The control system investigator (CSI) at American Control & Engineering Service Inc., Rose Hill, Kan., faced a mystery in “The Case of the Overeager Pump.” Their case broke down this way:
The Mystery. Operators in the freshwater division of a municipal water works complained that one of three pumps at a lift station ran constantly, causing the hydrostatic chamber to drain empty. This, in turn, caused the other pumps to come on, which eventually put so much pressure on the system that the pipes burst. The system was rated only for 93 psi, but with the other pumps running, the pressure shot up to 130 psi.

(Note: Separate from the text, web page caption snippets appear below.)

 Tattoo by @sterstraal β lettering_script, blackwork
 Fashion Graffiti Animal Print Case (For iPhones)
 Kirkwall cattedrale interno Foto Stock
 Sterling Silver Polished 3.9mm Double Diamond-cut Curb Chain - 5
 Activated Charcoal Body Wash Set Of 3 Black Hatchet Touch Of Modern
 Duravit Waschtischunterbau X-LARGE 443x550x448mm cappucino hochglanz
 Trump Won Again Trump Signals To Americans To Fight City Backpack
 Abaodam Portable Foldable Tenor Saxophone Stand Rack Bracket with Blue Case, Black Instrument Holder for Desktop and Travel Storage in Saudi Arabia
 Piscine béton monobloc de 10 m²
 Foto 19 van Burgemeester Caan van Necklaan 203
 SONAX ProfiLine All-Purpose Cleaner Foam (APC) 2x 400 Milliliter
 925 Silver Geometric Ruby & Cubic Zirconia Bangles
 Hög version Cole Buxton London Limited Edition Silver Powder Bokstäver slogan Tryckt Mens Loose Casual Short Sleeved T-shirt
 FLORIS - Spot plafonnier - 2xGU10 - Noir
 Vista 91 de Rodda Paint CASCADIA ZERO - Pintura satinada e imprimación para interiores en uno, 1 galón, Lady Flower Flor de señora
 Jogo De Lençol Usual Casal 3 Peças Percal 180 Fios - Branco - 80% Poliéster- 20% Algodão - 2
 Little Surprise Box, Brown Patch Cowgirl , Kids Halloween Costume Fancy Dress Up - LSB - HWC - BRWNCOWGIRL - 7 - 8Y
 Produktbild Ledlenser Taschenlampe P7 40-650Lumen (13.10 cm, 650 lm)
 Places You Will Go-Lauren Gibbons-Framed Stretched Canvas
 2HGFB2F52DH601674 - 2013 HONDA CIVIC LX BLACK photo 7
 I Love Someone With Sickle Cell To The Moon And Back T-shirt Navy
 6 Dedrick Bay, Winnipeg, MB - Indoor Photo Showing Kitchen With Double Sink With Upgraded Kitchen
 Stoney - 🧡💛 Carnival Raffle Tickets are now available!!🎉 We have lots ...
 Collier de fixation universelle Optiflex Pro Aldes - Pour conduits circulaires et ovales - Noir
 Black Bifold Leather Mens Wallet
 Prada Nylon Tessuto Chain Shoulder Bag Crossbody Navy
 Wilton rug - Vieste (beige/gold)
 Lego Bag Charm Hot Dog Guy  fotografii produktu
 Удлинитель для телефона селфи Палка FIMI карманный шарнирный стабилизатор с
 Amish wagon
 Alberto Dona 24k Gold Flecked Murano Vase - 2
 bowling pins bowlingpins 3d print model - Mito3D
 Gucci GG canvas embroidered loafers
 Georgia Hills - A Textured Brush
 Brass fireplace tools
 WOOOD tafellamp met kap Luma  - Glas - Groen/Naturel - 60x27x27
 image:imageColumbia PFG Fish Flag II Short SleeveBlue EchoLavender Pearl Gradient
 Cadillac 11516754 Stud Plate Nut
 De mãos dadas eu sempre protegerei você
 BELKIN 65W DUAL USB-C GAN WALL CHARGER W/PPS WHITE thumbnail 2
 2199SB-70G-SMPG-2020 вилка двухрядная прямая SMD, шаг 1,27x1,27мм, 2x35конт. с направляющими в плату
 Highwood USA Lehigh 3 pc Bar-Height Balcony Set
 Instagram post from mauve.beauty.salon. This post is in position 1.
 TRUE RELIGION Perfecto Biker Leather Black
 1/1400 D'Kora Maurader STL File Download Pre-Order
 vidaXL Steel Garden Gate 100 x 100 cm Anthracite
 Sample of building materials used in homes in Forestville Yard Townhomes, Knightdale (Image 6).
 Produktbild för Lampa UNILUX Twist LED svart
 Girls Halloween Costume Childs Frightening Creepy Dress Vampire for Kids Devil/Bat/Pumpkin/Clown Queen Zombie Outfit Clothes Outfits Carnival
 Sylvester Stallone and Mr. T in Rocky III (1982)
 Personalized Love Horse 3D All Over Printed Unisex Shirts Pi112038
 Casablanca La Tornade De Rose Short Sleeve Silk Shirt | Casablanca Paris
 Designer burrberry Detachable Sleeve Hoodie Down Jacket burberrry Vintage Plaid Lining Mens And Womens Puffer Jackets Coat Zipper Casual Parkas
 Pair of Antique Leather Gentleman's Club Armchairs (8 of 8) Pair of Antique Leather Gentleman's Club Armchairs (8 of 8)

The Clues. The customer had hired an electrician who thought the issue was with the starter, which he replaced. Afterward, the pump would work correctly for a short time but then return to its hyperactive pumping. If the customer shut down the pump manually, the relay eventually would become unstuck and work correctly again, but this was not a permanent solution. The customer asked American Control & Engineering’s CSI to solve the case.
The Perp. Called to the scene, the investigator observed that the relays for pumps No. 2 and No. 3 were 12 V DC relays rated to 10 A, and pump No. 1 was rated to just 0.6 A. However, the initial amps coming from the starter were well over 0.6 A, which caused the relay’s contacts to stick. Once stuck, the pump continued to run.
The Solution. The CSI removed the circuit board to which the relay was attached, and then removed the relay, as well as the terminal strips on either side. The investigator installed a standard 12 V DC base and relay. To power the board’s components, he soldered half of one of the terminal strips to the board, then soldered two wires to the board to deliver power to the relay.
Case closed. Pump No. 1 now switches on and off when it should.